There were Swiss muesli bars for sale. Now, Singapore is often known as "the Switzerland of Asia" which can only be a reference to its incredible mountain ranges, and not to all those banks heaped up in a pile by Marina Bay, or to the national service, or the tidiness, or the tax regime, or the cost of Toblerone, or ... anyway, I bought the muesli bars, assuming that being Swiss and muesli, they'd be healthy. Unfortunately, a cursory inspection of the back of the packet showed that they were 32% sugar and most of the rest was fat.

Having said yesterday how silly it was to check prices after you've bought something, it's clear I'm just as dumb for only assessing the nutritional value of food after purchasing, rather than before. Maybe I was blinded by the emotion whirled up from hummous deprivation.
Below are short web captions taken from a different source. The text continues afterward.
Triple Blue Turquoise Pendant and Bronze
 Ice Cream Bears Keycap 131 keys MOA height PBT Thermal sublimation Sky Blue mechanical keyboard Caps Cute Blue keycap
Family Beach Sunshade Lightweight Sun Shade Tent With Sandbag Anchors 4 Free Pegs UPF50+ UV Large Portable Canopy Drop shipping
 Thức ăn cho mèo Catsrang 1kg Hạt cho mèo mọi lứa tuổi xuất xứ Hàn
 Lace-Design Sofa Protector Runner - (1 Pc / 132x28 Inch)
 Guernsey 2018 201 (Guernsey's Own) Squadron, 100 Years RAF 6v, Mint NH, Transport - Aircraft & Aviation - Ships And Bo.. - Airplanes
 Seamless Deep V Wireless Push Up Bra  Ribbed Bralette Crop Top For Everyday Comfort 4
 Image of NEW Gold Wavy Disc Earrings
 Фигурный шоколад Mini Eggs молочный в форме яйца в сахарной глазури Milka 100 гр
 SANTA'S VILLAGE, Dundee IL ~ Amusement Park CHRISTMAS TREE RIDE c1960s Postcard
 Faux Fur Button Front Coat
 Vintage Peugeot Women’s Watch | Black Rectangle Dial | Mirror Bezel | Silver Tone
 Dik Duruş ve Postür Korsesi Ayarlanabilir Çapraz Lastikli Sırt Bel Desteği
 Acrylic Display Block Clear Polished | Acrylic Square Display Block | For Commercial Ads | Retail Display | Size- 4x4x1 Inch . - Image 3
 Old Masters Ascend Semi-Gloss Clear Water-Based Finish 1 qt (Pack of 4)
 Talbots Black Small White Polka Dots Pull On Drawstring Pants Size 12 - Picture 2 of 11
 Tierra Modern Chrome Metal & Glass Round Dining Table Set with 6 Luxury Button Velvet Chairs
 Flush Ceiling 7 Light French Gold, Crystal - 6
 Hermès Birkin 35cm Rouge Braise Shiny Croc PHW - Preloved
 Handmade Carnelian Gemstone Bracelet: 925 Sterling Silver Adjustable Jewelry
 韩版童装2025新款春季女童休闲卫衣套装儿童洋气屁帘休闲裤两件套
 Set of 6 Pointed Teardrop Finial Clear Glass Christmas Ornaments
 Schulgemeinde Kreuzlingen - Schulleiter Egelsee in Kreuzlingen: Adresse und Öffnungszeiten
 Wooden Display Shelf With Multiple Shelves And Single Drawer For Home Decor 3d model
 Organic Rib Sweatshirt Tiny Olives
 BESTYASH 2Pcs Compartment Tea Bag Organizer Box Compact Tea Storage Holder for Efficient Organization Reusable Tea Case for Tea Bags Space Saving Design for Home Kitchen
And anyway, I'm not inconsistent, I just contain multitudes.

Multitudes of contradictory attitudes, that is.

I ate a couple of the Swiss muesli bars and they were revolting. But at least I've learned something from all of this. I've learned that I need to purchase some chickpeas, and a mortar and pestle, and after five minutes of squishing and squashing, give up and find a good Mediterranean restaurant.

Still, say what you like about the Swiss, they don't make it hard to spell their name. Not like those Mediterraneanans.